(Captioned web images)
"""

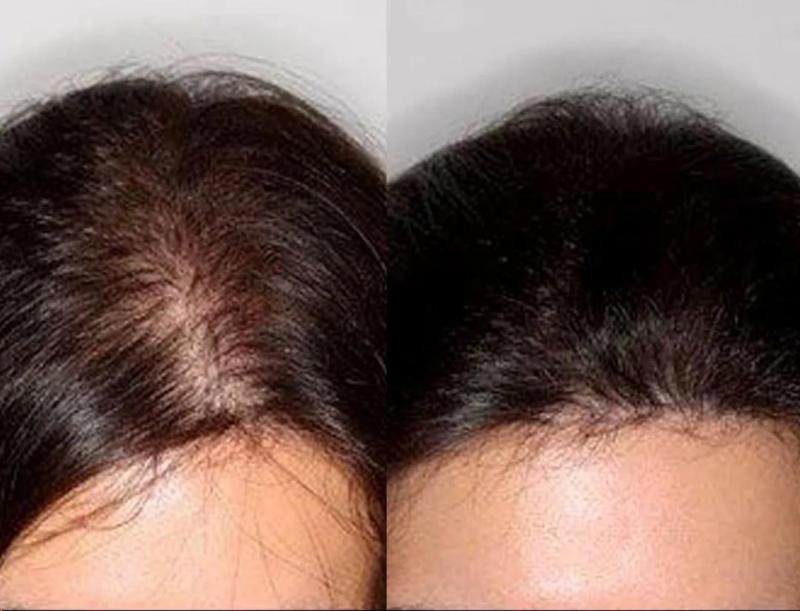 La solución discreta para la pérdida de cabello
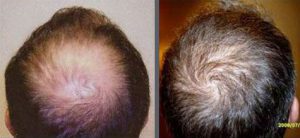 Before and after one hair transplant using the follicular unit extraction method of hair transplantation with NeoGraft, one session of 2000 hair grafts. -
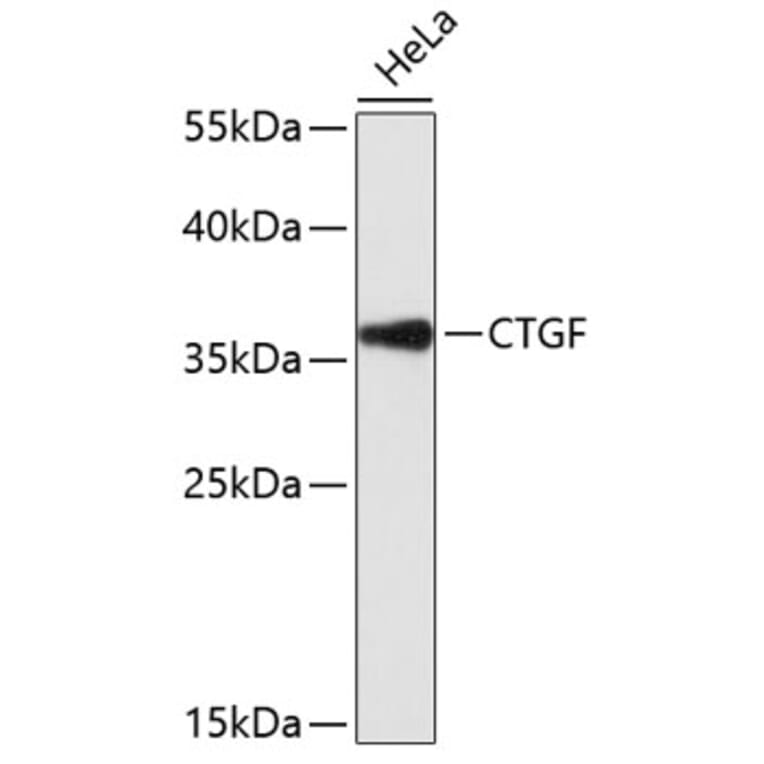 Western Blot - Anti-CTGF Antibody (A11943) - Antibodies.com
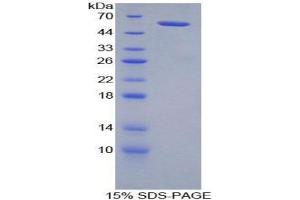 SDS-PAGE (SDS) image for Neuropilin 2 (NRP2) (AA 652-858) protein (His tag,GST tag) (ABIN2123390)
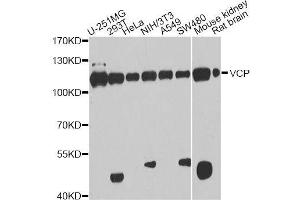 Western blot analysis of extracts of various cell lines, using VCP antibody. (VCP antibody  (AA 647-806))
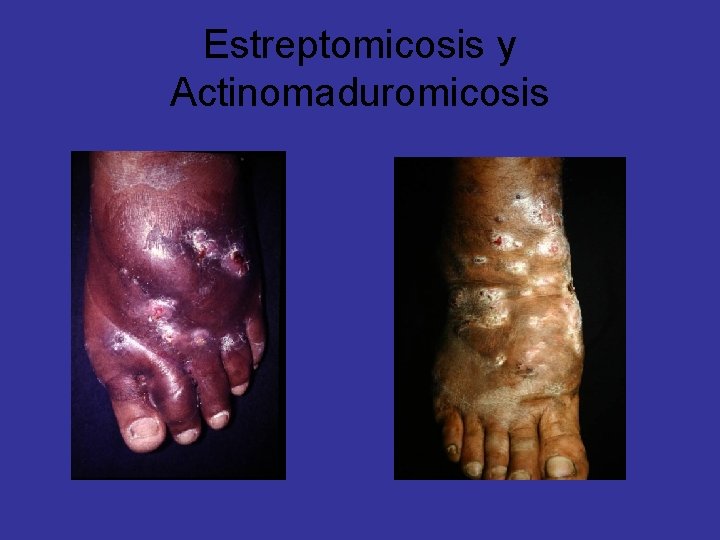 Estreptomicosis y Actinomaduromicosis 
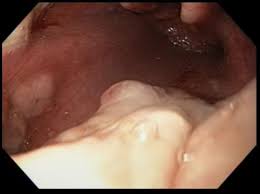 Herpesvirus (hsv) esophagitis is seen predominantly in patients who are immunocompromised. Simultaneous Candida Albicans And Herpes Simplex Virus Type 2 Esophagitis In A Renal Transplant Recipient Bmj Case Reports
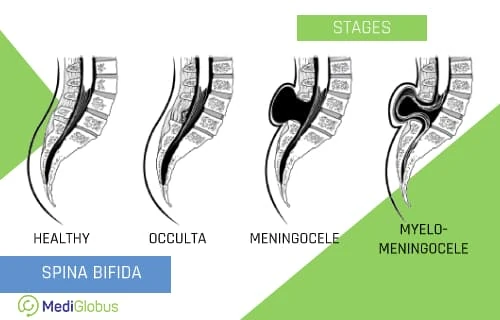 spina bifida stages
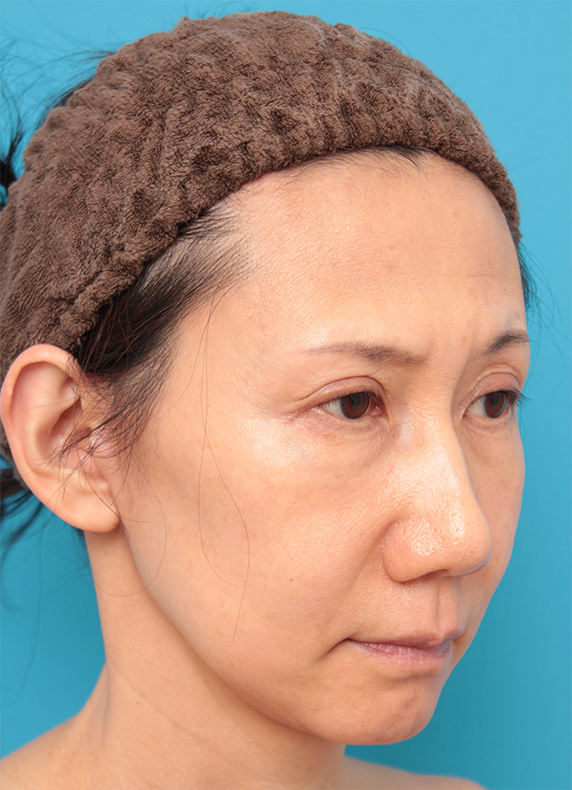 ミディアムフェイスリフト,40代女性のミディアムフェイスリフト症例写真,After(6ヶ月後),ba_mediumlift13_b.jpg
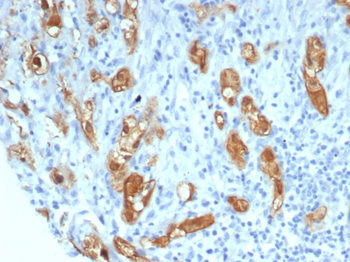 SERPINB5 Antibody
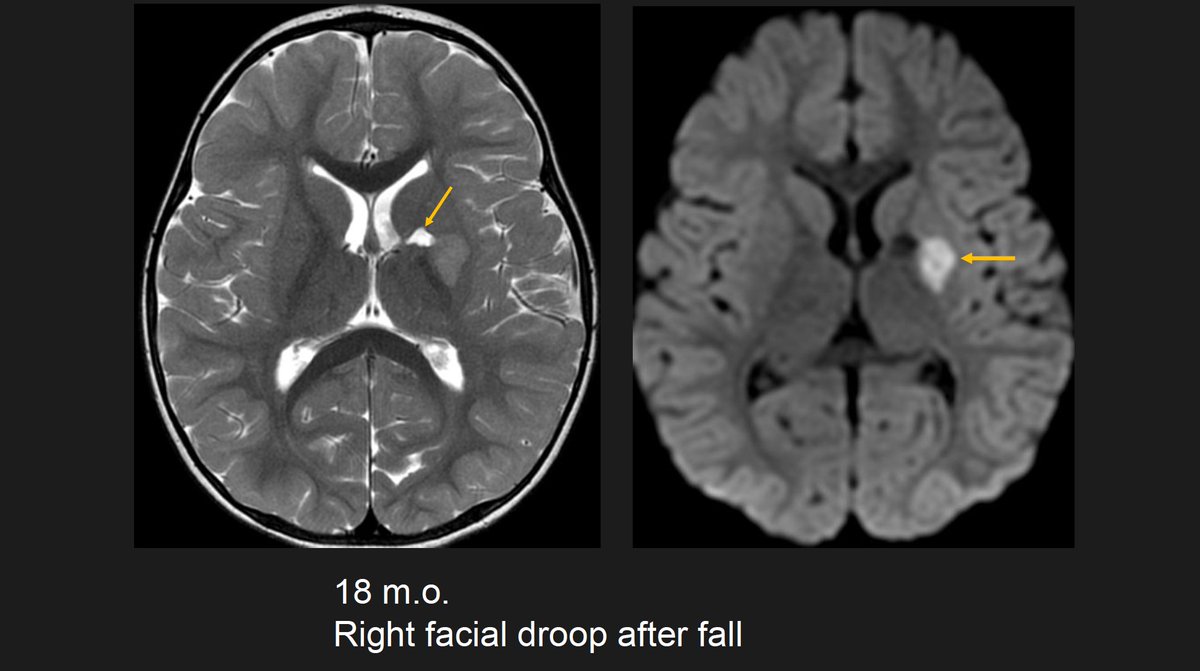 The_ASPNR's tweet photo. Live now!🧠 Dr. Gilbert Vezina concludes with high-yield  nuances✨ "The Little things matter"📖 1. Trivial trauma & basal ganglia stroke in <2 year old: Watch out for lenticulostriate mineralizing angiopathy ✨2. Don't expect coincidence: Even dermoid rupture can cause an infarct! #PediNeuroRad #PedsRad #IPNTN #ASPNR 
@MirskyDavid @drmankad @RLClarkeMD @laura1127md @ArzuOztrkMD @alexandra_foust @DrSmilySharma @HarumyYoshikawa @JamieClarkeRad @the_nvir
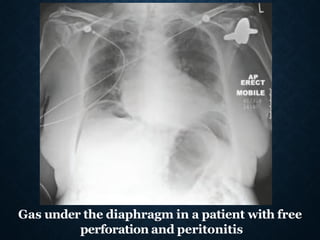 Gas under the diaphragm in a patient with free
perforation and peritonitis
 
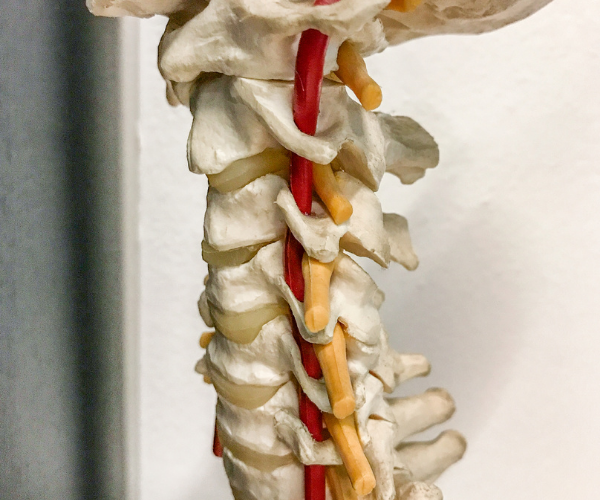 The most common cause of spinal stenosis is osteoarthritis.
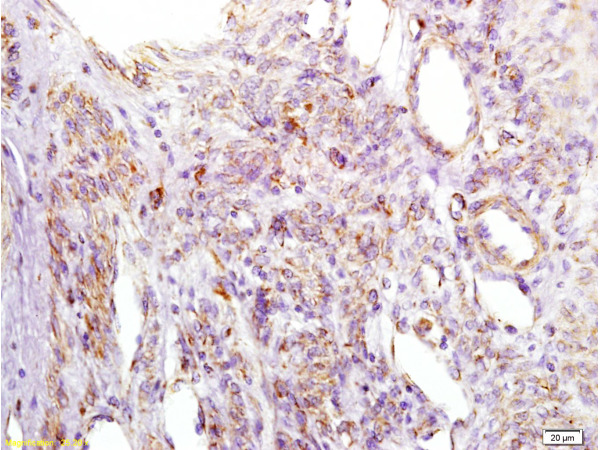 Formalin-fixed and paraffin embedded human cervical carcinoma labeled with Anti-IGFBP2 Polyclonal Antibody, Unconjugated (bs-1108R) at 1:200 followed by conjugation to the secondary antibody and DAB staining.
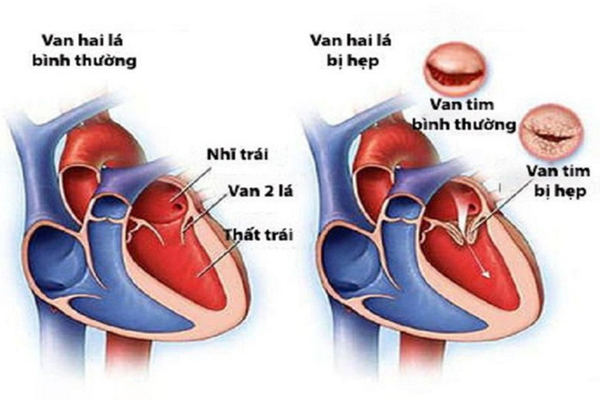 Vì sao hẹp van 2 lá gây suy tim phải? Phân biệt suy tim phải và suy tim ...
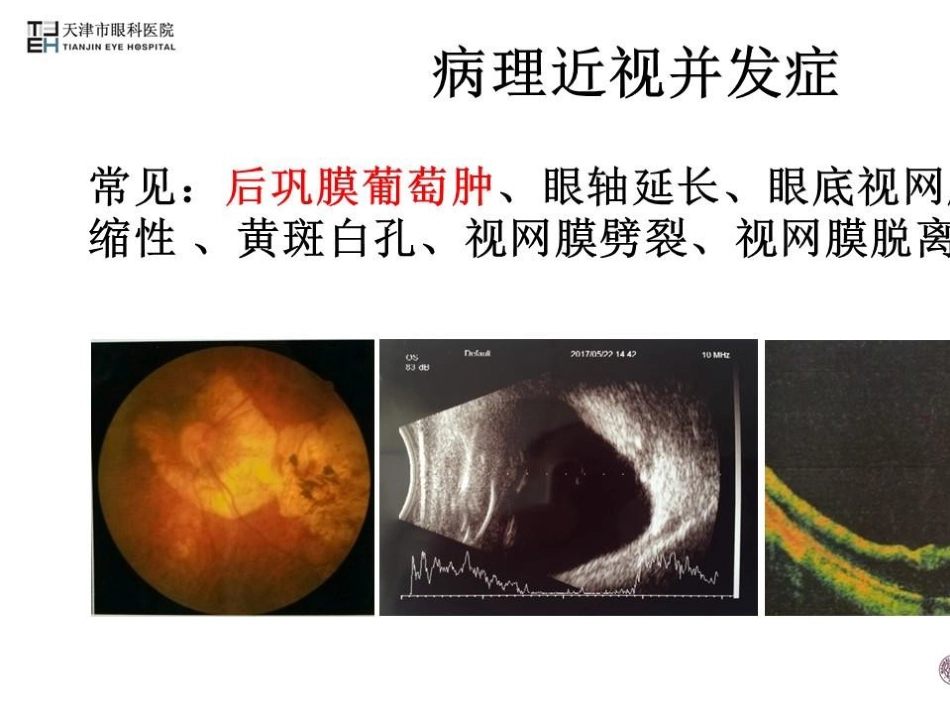 病理近视后巩膜葡萄肿合并黄斑裂孔视网膜脱离_第3页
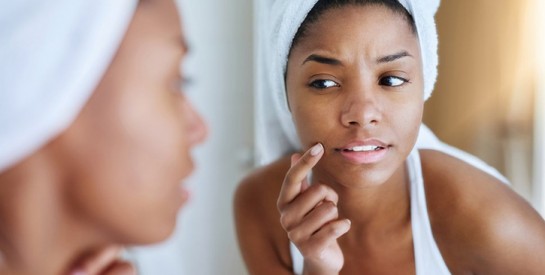 Ces mauvaises habitudes responsables de votre acné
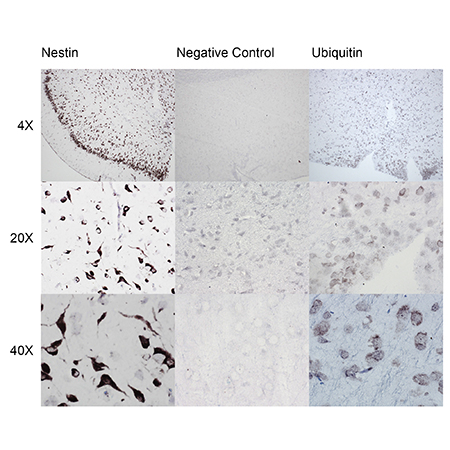 AMPIVIEW Nestin (AS) Dig RNA Probes (Rat) Set Rat Brain Ubiquitin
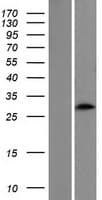 CIDEA / CIDE-A Protein (Over-Expression Lysate Myc-DDK (Flag))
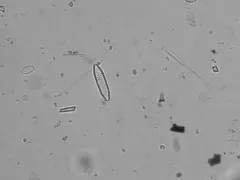 Fragilaria vaucheriae thumbnail 2
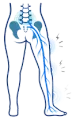 Lower body diagram showing sciatic nerve pain from lower back to leg, with blue nerve highlighted.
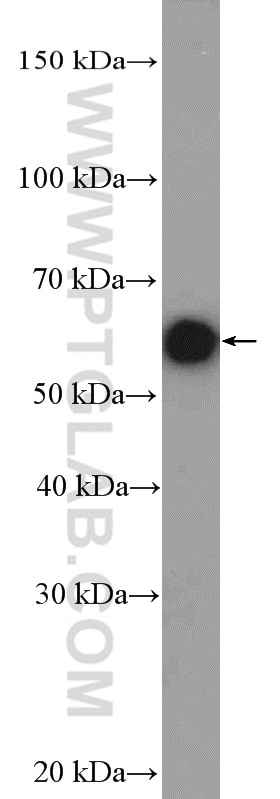 Western Blot (WB) analysis of mouse heart tissue using CHRNA1 Polyclonal antibody (10613-1-AP)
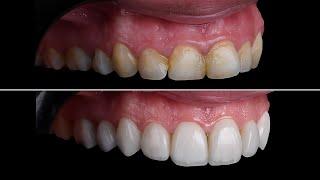 Trước và sau dán sứ Veneer #smiledesign #dental #nhakhoa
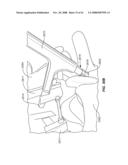 MEASUREMENT AND TRIALING SYSTEM AND METHODS FOR ORTHOPEDIC DEVICE COMPONENT SELECTION diagram and image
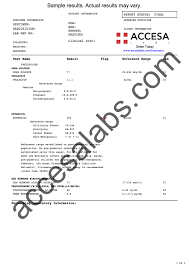 Testosteron, cortisol, serotonin, östrogen & melatonin. Hormone Test Near You Blood Test For Hormones Accesa Labs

"""

▸ **PROBLEM**
Above are the records; repeat their lines from the first through the line containing "Western Blot - Anti-CTGF", and leave out each picture.

▸ **TASK ANSWER**
 La solución discreta para la pérdida de cabello
 Before and after one hair transplant using the follicular unit extraction method of hair transplantation with NeoGraft, one session of 2000 hair grafts. -
 Western Blot - Anti-CTGF Antibody (A11943) - Antibodies.com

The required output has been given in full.